What I like about that last list is the role of pedagogical judgment. In the past, I might find some clever idea on the internet that I can try the next day or next week. A rubric for assessments, a fun activity to teach polynomial division, or a new group work structure. And these things are important! They’re parts of my toolbox, and I can’t teach without them. But pedagogical judgment is taking that toolbox and figuring out which tool is right for this job, in this moment, with this content and these students.

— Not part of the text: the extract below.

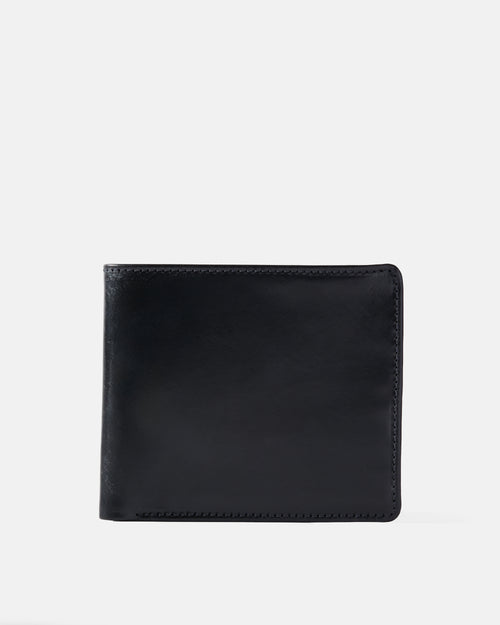 Black Beorma Regent bridle leather 8 pocket notecase front view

There’s no how-to or quick trick for pedagogical judgment. It’s something I practice over time. And if we see teachers as professionals, we need the concrete tools in their toolbox. But it is just as important that we develop pedagogical judgment to use those tools to adapt to the needs of the students in front of us.

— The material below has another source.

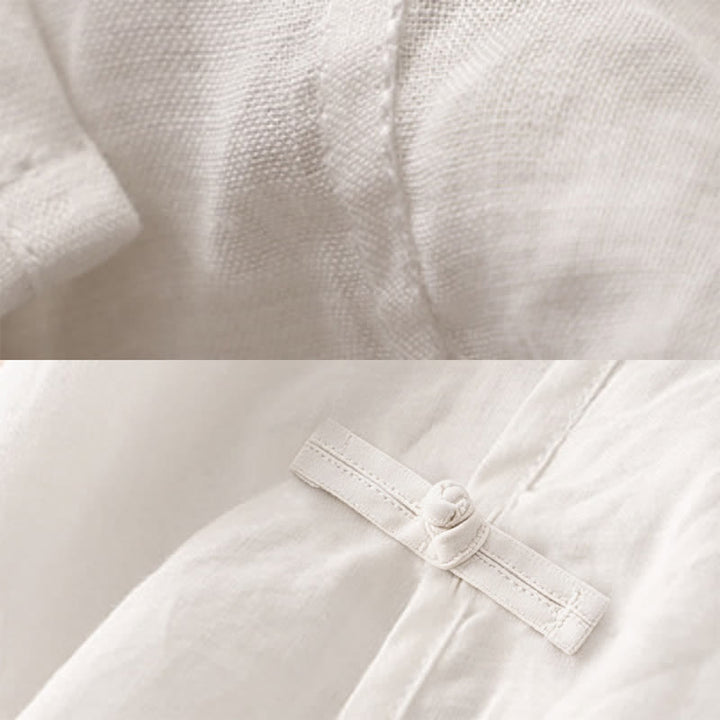 Buddha Stones Summer V-Neck Frog-Button Short Sleeve Cotton Linen Women's Midi Dress - image 14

Here’s something I want to explore more. Pedagogical judgment can seem distant from classroom teaching. It involves all these abstractions that can feel like they don’t connect to the decisions I make in the classroom each day. I’m curious how I can make those links clear and coherent. Where are the moments? What goes into the decisions? How can I practice pedagogical judgment in a way that develops skills I can use tomorrow, and next week, and next year?

Anti-Deficit Narratives

I just read a great article in the Journal for Research in Mathematics Education, “Anti-Deficit Narratives: Engaging the Politics of Research on Mathematical Sense-Making” by Aditya Adiredja. I need to spend more time with the article, but I have two takeaways so far.

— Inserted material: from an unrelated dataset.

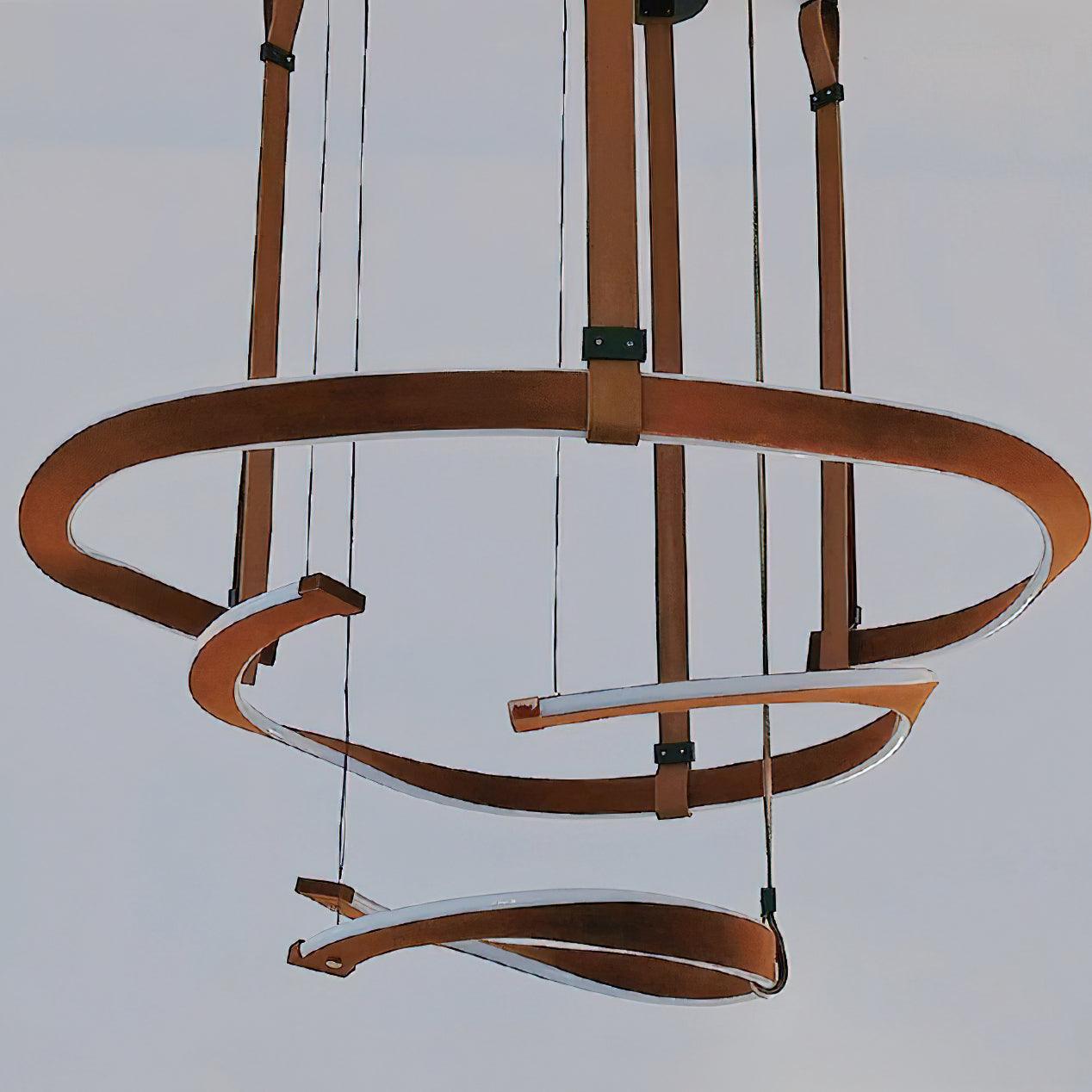 Cesorora Curved Artificial Leather Chandelier-Neutral Decor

First, Adiredja shares the idea of “deficit master-narratives.”

Deficit master-narratives are socially circulated and reified stories in society that suppress morally relevant details about a person or group with the impact of disrespecting or misrepresenting such a person or group (403).

Deficit master-narratives impact who we perceived as mathematically smart. Whether I like it or not, these master-narratives bring the prejudices of the world into my math class. Adiredja distinguishes master-narratives from stereotypes in that master-narratives act as scripts that play out in everyday life, while stereotypes might only live in someone’s mind. In math class, the master-narrative is that only a narrow subset of students are likely to be mathematically smart. this script plays out in the ways that students look to others for help, the ideas they respect, and the voices they listen to.

I’ve seen conversations about asset-oriented teaching or strengths-based teaching become more prominent in the last few years. Deficit master-narratives are a useful way to understand the necessity for asset-oriented pedagogies. The opposite of holding an asset orientation is not being neutral; without an explicit asset orientation, deficit master-narratives creep into my classroom and undermine student learning.

Second, Adiredja breaks down what a deficit perspective looks like in practice:

I argue that deficit perspectives are generally supported by principles that overprivilege (a) formal knowledge, (b) consistency in understanding, (c) coherent or formal mathematical language, and (d) immediate change in understanding (413).

I find Adiredja’s perspective useful in being specific about the behaviors that lead to a deficit orientation. Sometimes in conversations about ambitious equity-oriented pedagogies like holding an asset orientation or rehumanizing mathematics, the ideas feel really big and broad and impossible to tackle. In some ways they are; that’s an essential part of a project that aims to reimagine mathematics education. But at the same time, Adiredja points to actions within my sphere of influence that I can take today. And there’s a bit of urgency. Without deliberate action, deficit master-narratives continue to undermine learning. Reimagining math class isn’t necessarily about tearing everything down and starting from scratch. It can begin with simple actions that undermine the systems that perpetuate inequities. A better understanding of deficit master-narratives and perspectives feels like an important step.